[Data block — start]

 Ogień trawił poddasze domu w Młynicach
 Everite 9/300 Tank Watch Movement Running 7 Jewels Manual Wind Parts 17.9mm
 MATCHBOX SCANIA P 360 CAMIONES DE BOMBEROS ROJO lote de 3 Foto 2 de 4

[Data block — finish]

:: What this task involves ::
Return exactly, and only, the line containing "Everite 9/300 Tank" and every line after it through the end of the material.

:: Final answer ::
 Everite 9/300 Tank Watch Movement Running 7 Jewels Manual Wind Parts 17.9mm
 MATCHBOX SCANIA P 360 CAMIONES DE BOMBEROS ROJO lote de 3 Foto 2 de 4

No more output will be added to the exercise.